• _ABOUT THIS EXERCISE_
Could you retype, exactly and with no pictures, only the lines from the first line of the records below through the line that contains "Fluff your powder"?

• _DATASET EXTRACT_
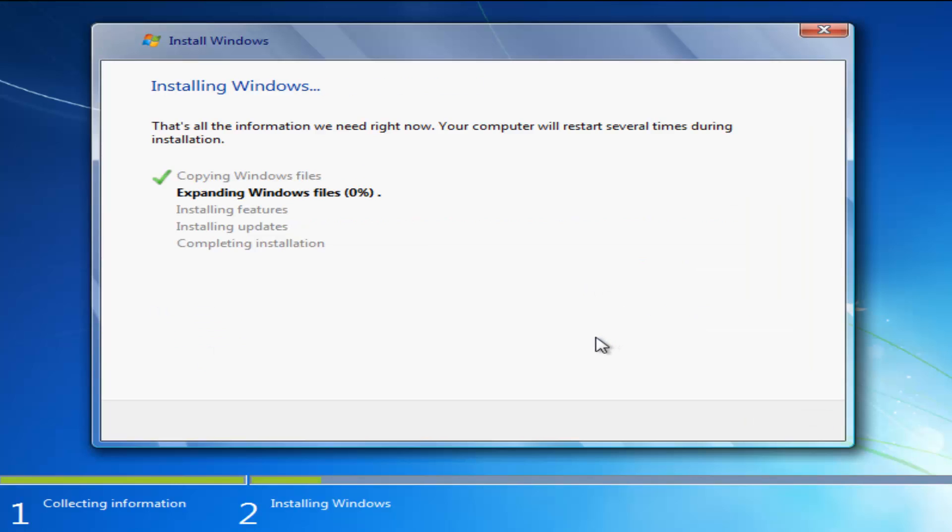This will begin the process of installing Windows. This will probably take the longest amount of time out of everything, so just be patient — it will take a couple of minutes.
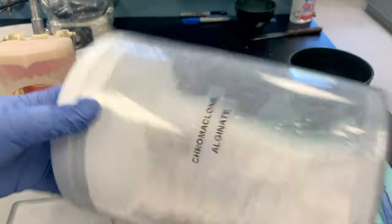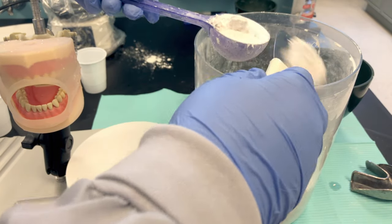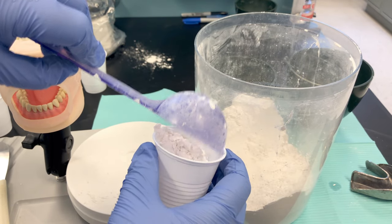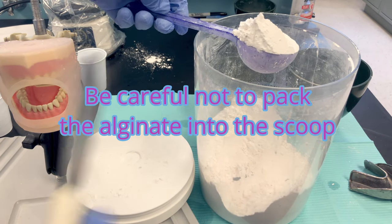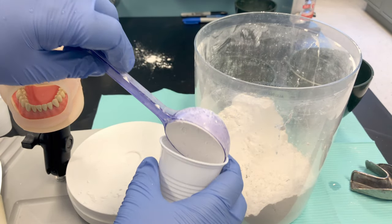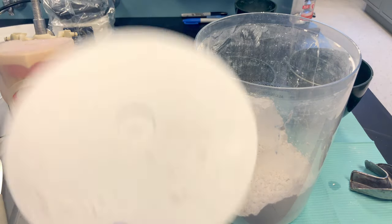Fluff your powder by rolling it around — that follows the manufacturer's instructions. Take a fluffy scoop, level it off, and transfer it into a cup until you're ready to mix. Take another scoop and level it off. Alginate is affected by humidity, so don't leave your powder sitting out exposed to air for too long. Always recap your canister of powder.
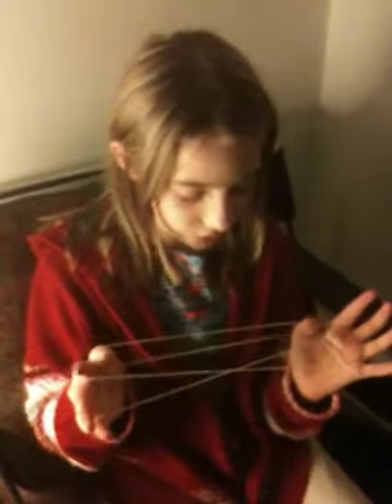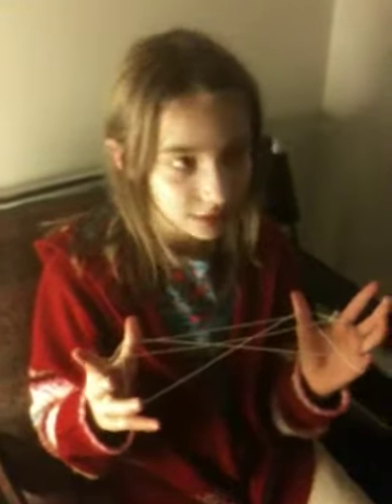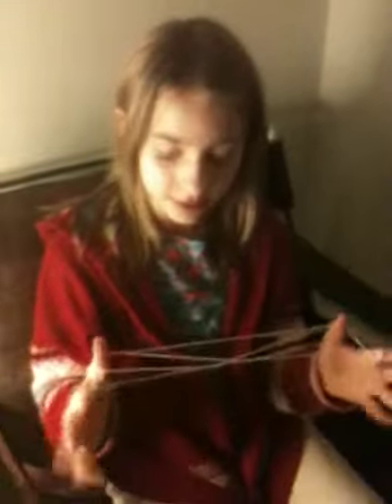Then you take your thumbs, go over the first string and pick up the second string. Then you drop with your pinkies and go over this string closest to your pinkies and grab the second string. Then let go with your thumbs again.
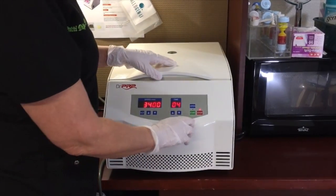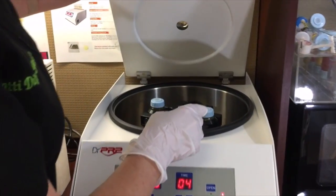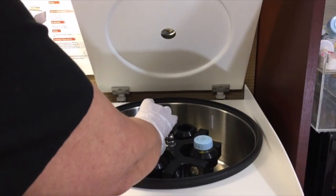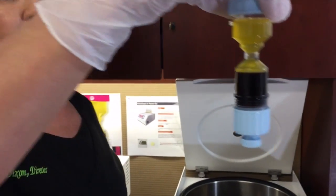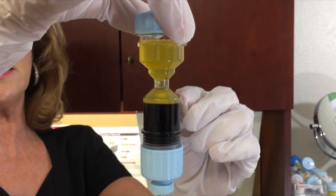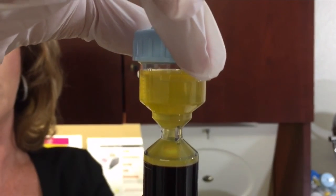Now that the centrifuge has stopped, let's see what we've got. This is a perfect separation. What you want is anything right at this ridge or slightly below.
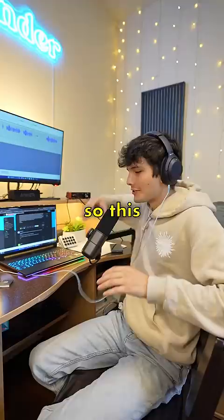Joe Rogan, where you at? So in total, this whole setup cost me about $500, which I think is worth it for good audio. But let me know what you guys think down in the comments.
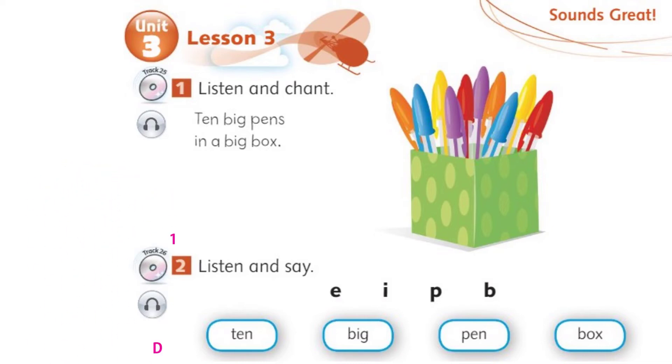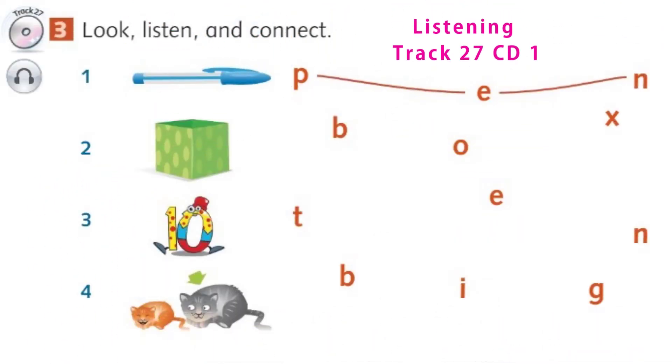Unit 3, Lesson 3. Activity 3. Page 28. Look, listen and connect. 1. P. E. N. 2. B. O. X.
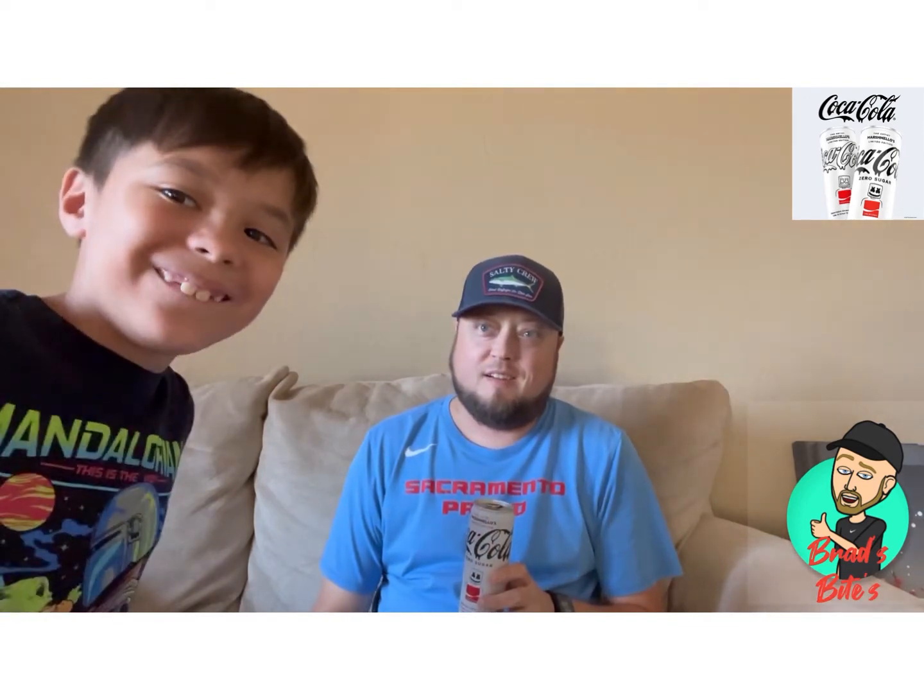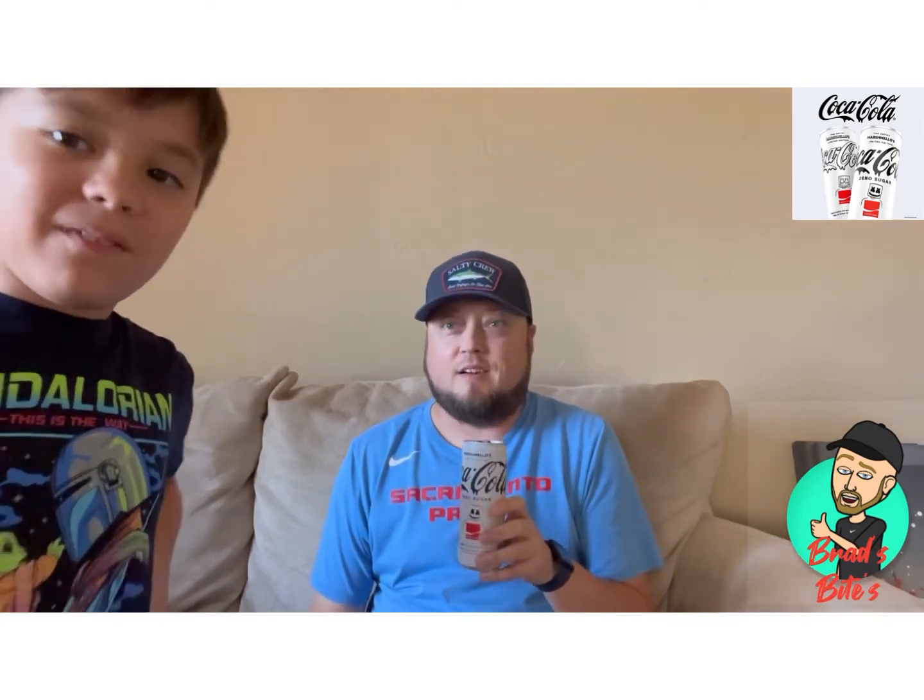I already tried it, okay. Did you like it? Oh yeah, it's good — it's zero calories. Okay, here we go. Your eyes just always pop out.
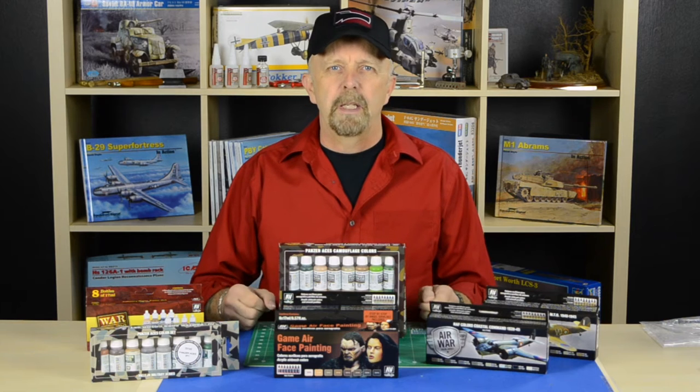Hello friends, Jeff V here with another Squadron Minute. Everybody in the scale model hobby is familiar with Vallejo. Vallejo is one of the most prolific paint manufacturers out there in the scale model industry. They have close to a thousand different colors out there, and we at Squadron carry them all.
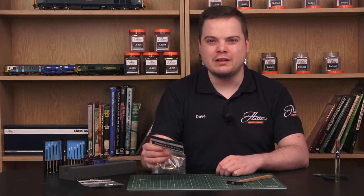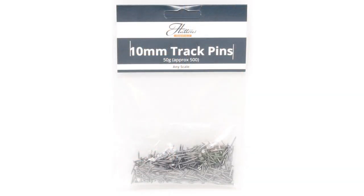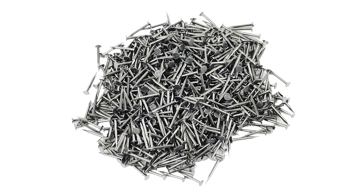Here's a handy guide on how to use the Hattons Essentials track pins and pin hammer to make your track laying as precise as possible. There are around 500 pins in each bag, and with 2 or 3 needed per track piece, a single bag should last you some time.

• _EXERCISE OUTPUT_
This will begin the process of installing Windows. This will probably take the longest amount of time out of everything, so just be patient — it will take a couple of minutes.
Fluff your powder by rolling it around — that follows the manufacturer's instructions. Take a fluffy scoop, level it off, and transfer it into a cup until you're ready to mix. Take another scoop and level it off. Alginate is affected by humidity, so don't leave your powder sitting out exposed to air for too long. Always recap your canister of powder.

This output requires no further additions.